Berikut langkah-langkah PBM. Guru memulai sesi awal PBM dengan presentasi permasalahan yang akan dihadapi oleh siswa. Siswa terstimulus untuk berusaha menyelesaikan permasalahan di lapangan. Siswa mengorganisasikan apa yang telah mereka pahami tentang permasalahan dan mencoba mengidentifikasi hal-hal terkait. Siswa berdiskusi dengan mengajukan pertanyaan tentang hal-hal yang tidak mereka pahami. Guru mendampingi siswa untuk fokus terhadap pertanyaan yang dianggap penting. Setelah periode self-study, sesi kedua dilakukan. Pada awal sesi ini siswa diharapkan dapat membagi pengetahuan baru yang mereka peroleh. Siswa menguji validitas dari pendekatan awal dan menyaringnya. Siswa berlatih mentransfer pengetahuan dalam konteks nyata melalui pelaporan di kelas.

PBM berbeda dengan metode konvensional. Metode konvensional berupa ceramah yang memusatkan perhatian siswa sepenuhnya kepada guru sehingga yang aktif di sini hanya guru, sedangkan siswa hanya tunduk mendengarkan penjelasan yang dipaparkan. Partisipasi siswa rendah karena hanya diberi kebebasan untuk bertanya mengenai materi yang telah dijelaskan oleh guru sehingga metode konvensional masih kurang menggugah daya pemikiran siswa. Sedangkan, metode PBM adalah metode pembelajaran yang berbasis kepada partisipasi para siswa. Pada jam pertama pembelajaran, metode yang diterapkan adalah diskusi. Guru memberikan pertanyaan kepada siswa yang ditunjuk secara acak. Pertanyaan yang diajukan bersifat menggali pendapat dan mengembangkan kemampuan analisis siswa. Kemudian, pada satu jam terakhir, guru memberikan rangkuman dan inti dari diskusi pada hari itu disertai dengan inti dari konteks materi dihubungkan dengan implementasi di lapangan.

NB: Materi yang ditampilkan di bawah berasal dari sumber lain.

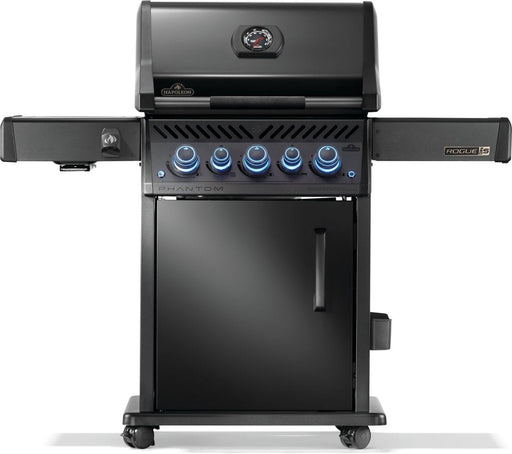 Black freestanding grill with illuminated blue control knobs, side shelves, and a storage cabinet, designed for outdoor cooking convenience.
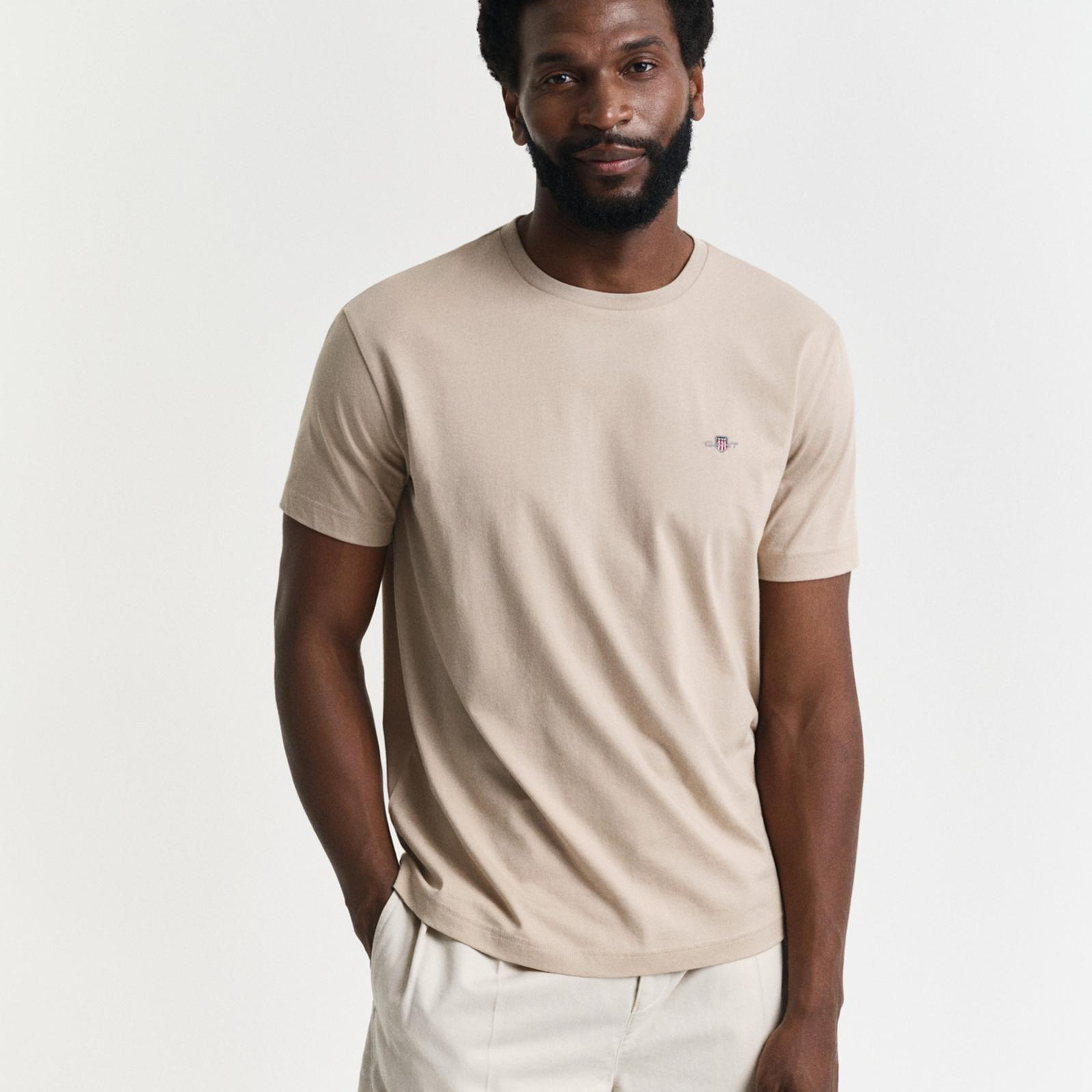 GANT Erkek Bej Regular Fit Bisiklet Yaka T-Shirt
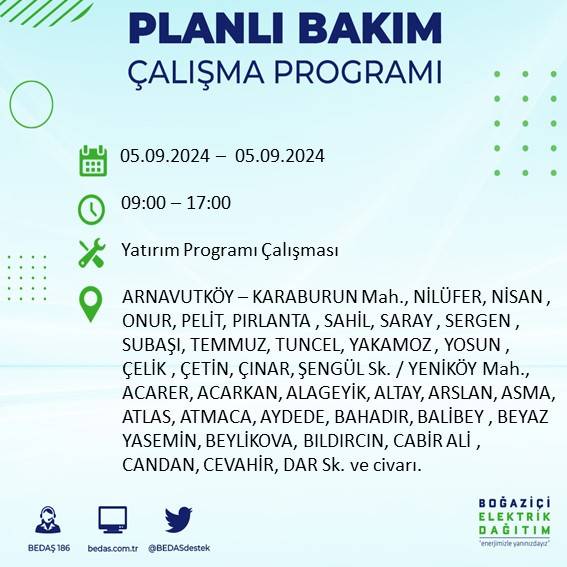 İstanbul'da elektrik kesintisi olan ilçeler açıklandı 38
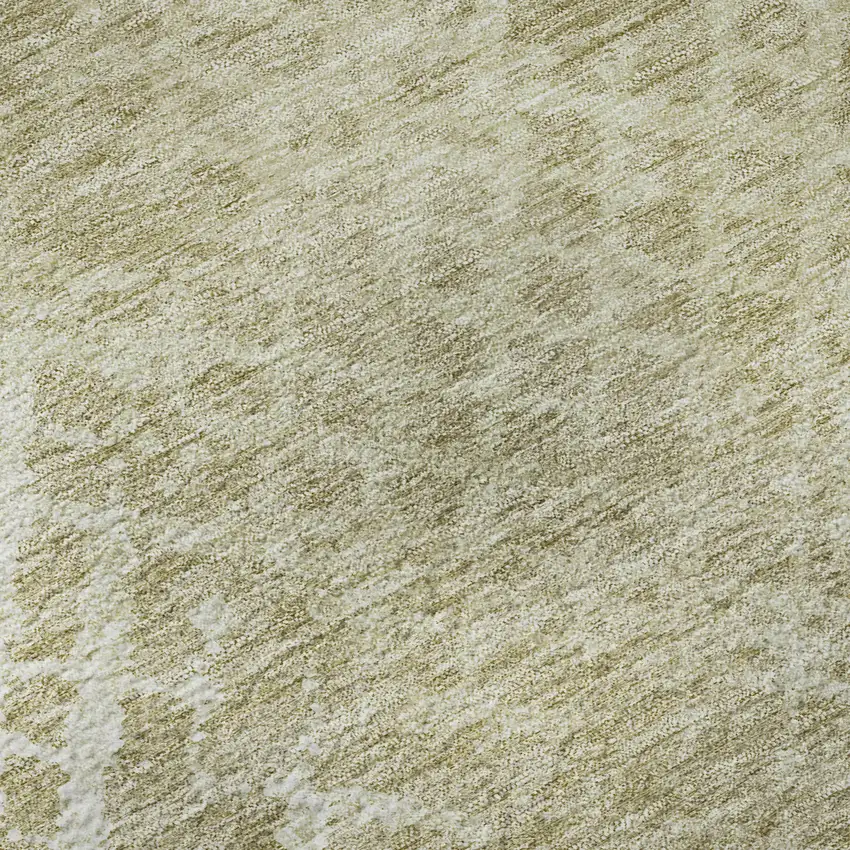 8' Beige And Ivory Abstract Geometric Washable Round Rug With UV Protection Photo 9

Perlu diingat, PBM bukanlah satu-satunya metode yang baik. Masih banyak metode pembelajaran yang baik pula. Untuk itu, guru perlu berpikir divergen dalam menggunakan metode pembelajaran sehingga tidak selalu mengagungkan sebuah metode pembelajaran karena metode pembelajaran adakalanya buruk jika tidak dapat mencapai tujuan.